Israelis react to call for 'jihad'
Jerusalem — The Islamic summit's call for "jihad" (holy war) against Israel has caused some of the Jewish state's biggest diplomatic guns to be trained on Saudi Arabia , the Muslim conference's host country.
The Israeli hope is that their verbal salvos will be able to tear away the Saudis' alleged mask of moderation.
Foreign Minister Yitzhak Shamir is leading the Israeli assault. He mounted the rostrum of the Knesset (parliament) here to sound a dire warning to the West , especially West Germany and the United States, against selling arms to the Saudis.
Mr. Shamir's astute political adviser and media aide, Naftali Lavie, was first to open fire, telling foreign correspondents that the Saudis speak with forked tongues, "repeatedly advocating 'jihad' in the Arabic press while telling American and other Western journalists that they seek peace in the Middle East."
Saudi King Khalid and Crown Prince Fahd were singled out as outstanding examples of Mr. Lavie's point.

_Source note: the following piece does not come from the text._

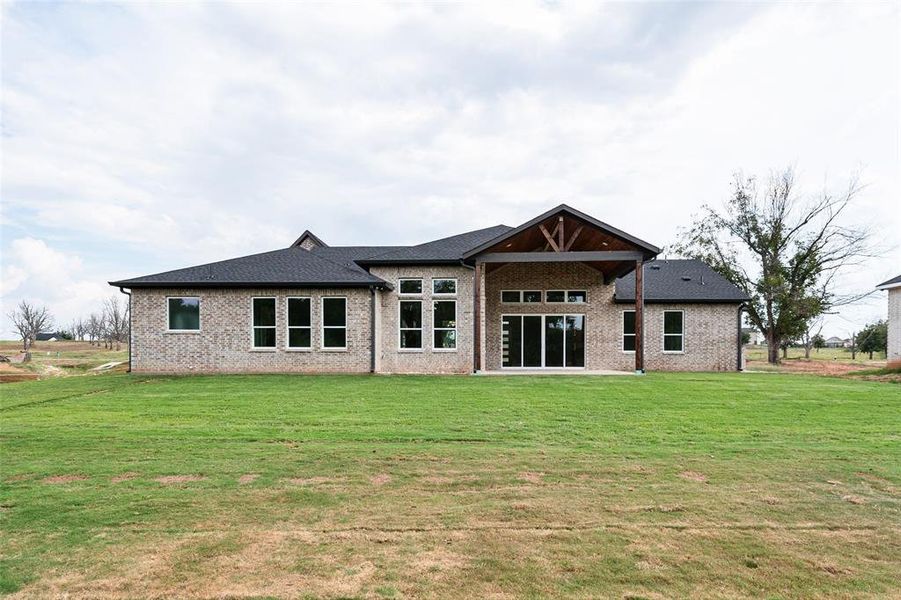 Exterior details and patio area of a home in Pecan Plantation, Granbury (Image 25).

"Actually," he went on, "the Saudis are a disruptive, agitating force constantly inveighing against the Camp David accords and the peacemaking process."

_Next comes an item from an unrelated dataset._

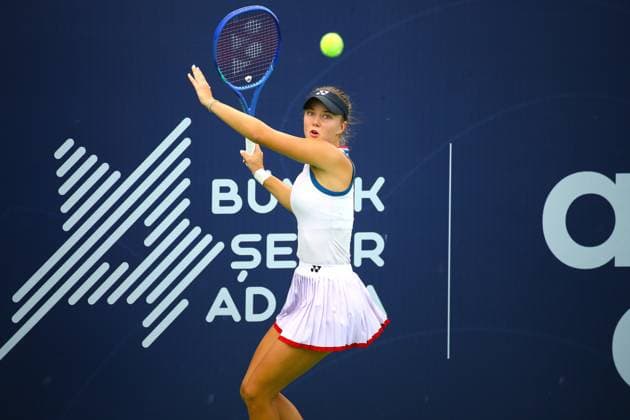 WTA, Tennis Damen 125 Adana Open Tennis Tournament ADANA, TURKIYE - SEPTEMBER 28: Czech tennis player Vendula Valdmannova competes against Croatia s Antonia Ruzic (not seen) during their round of 32 match at the WTA 125 Adana Open Tennis Tournament at Adana Tennis, Mountain and Water Sports Club (ATDSK) in Adana, Turkiye on September 28, 2026. Yakup Saglam Anadolu Adana Turkey. Editorial use only. Please get in touch for any other usage.  Copyright: x2026xAnadoluxYakupxSaglamx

He was particularly bitter about the Saudi stand on Jerusalem, citing Riyadh's advocacy of the city's former Jordanian sector be severed from Israel and transformed into the capital of a Palestinian state.

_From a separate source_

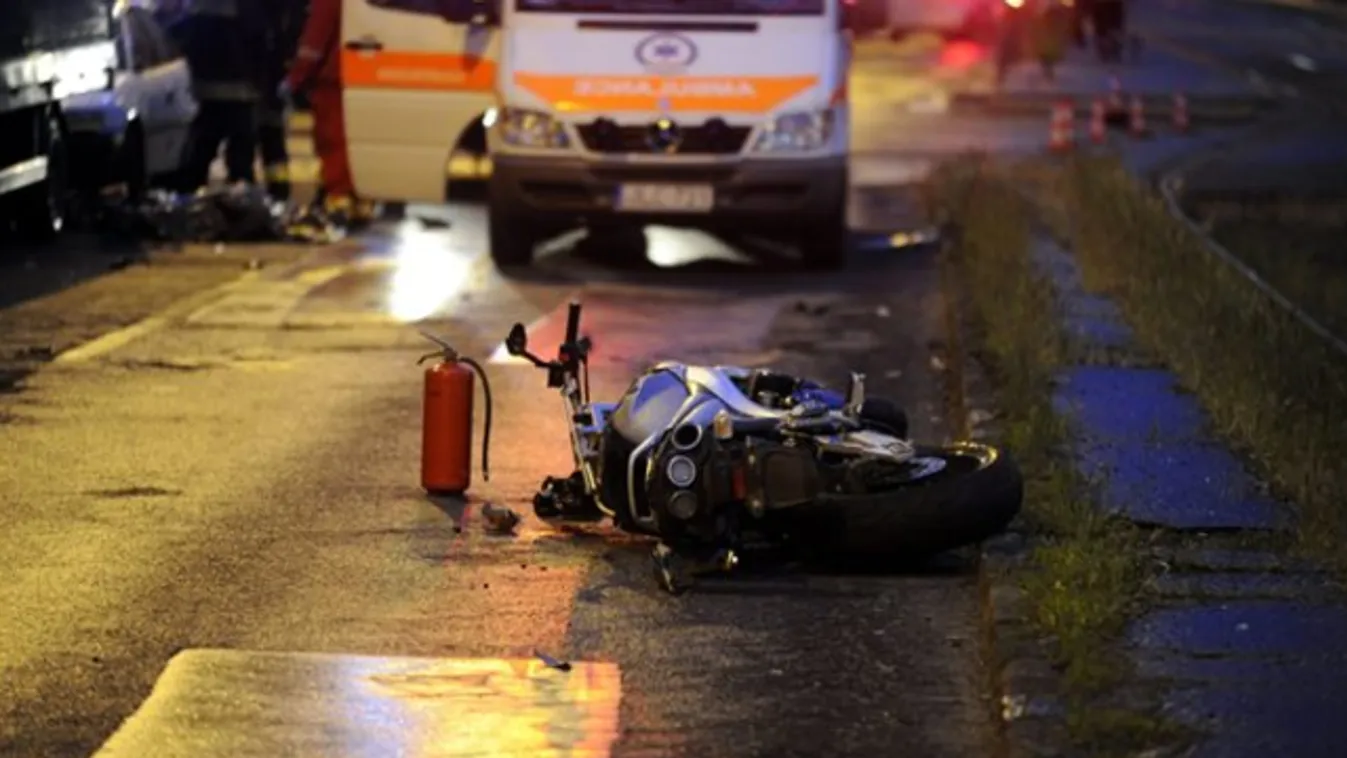Szörnyű balesetben halt meg egy motoros Budapesten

Mr. Lavie took the summit's communique with the utmost seriousness, noting that at the Saudis' behest and encouragement it recommended that "economic, military, and political means" be mobilized for jihad against Israel.
This was contrasted with the Saudis' refusal to accept United Nations Security Council Resolution 242 as a basis for regional peace and their having participated in all the Middle East wars fought by Israel except the 1956 invasion of the Sinai Peninsula. This presumably was caused by the hostility of Egypt's late President Gamal Abdel Nasser toward the royalist Saudi regime.
Mr. Lavie charged the Saudis with practicing and fomenting blatant anti-Semitism, recalling reports by American correspondents traveling with ex-secretary of state Henry Kissinger in 1974 to the effect that copies of the anti-Jewish "Protocols of the Elders of Zion" were distributed in the newsmen's hotel rooms.
He also noted the Saudis' refusal to permit a Dutch correspondent, Jap Van Wesl, to accompany the Dutch foreign minister to Saudi Arabia on the grounds that Mr. Van Wesl is Jewish and files dispatches from Israel.
In a speech prepared for delivery in the Knesset Foreign Minister Shamir pointed out that whereas Saudi Arabia exported $4 billion worth of oil in 1973, it exported $47 billion worth in 1980. This was by way of contending that the Saudis are not doing their customers a favor by selling oil.
He also noted that the developing countries have sustained an increase of 1, 000 percent in the price of their oil imports from Saudi Arabia since 1973, while their average increase in export revenues was only 188 percent during the same period.
Mr. Shamir regrets the implied hatred and anti-Jewish unanimity in the summit's attitude toward Israel, but believes that a military expression of this sentiment is unlikely as long as Egypt is outside the belligerent camp.
"And Egypt was excluded from that summit," Mr. Shamir stressed, taking substantial comfort in this fact.
Undoubtedly, the Israeli diplomat's views will be presented in greater detail later this month to US Secretary of State Alexander Haig in Washington. Mr. Shamir reportedly is scheduled to be among the first foreign ministers to confer with the newly installed United States secretary.
Labor Party chairman Shimon Peres prefers to look beyond the bellicose text of the Islamic summit's communique toward the implications for his favorite Arab negotiating partner: Jordan's King hussein.
The Jordanian monarch's public refusal to conduct negotiations with Israel, even if Mr. Peres's Laborites come to power (a likely prospect after this summer's general election, according to local public opinion polls), is not taken as King Hussein's last word.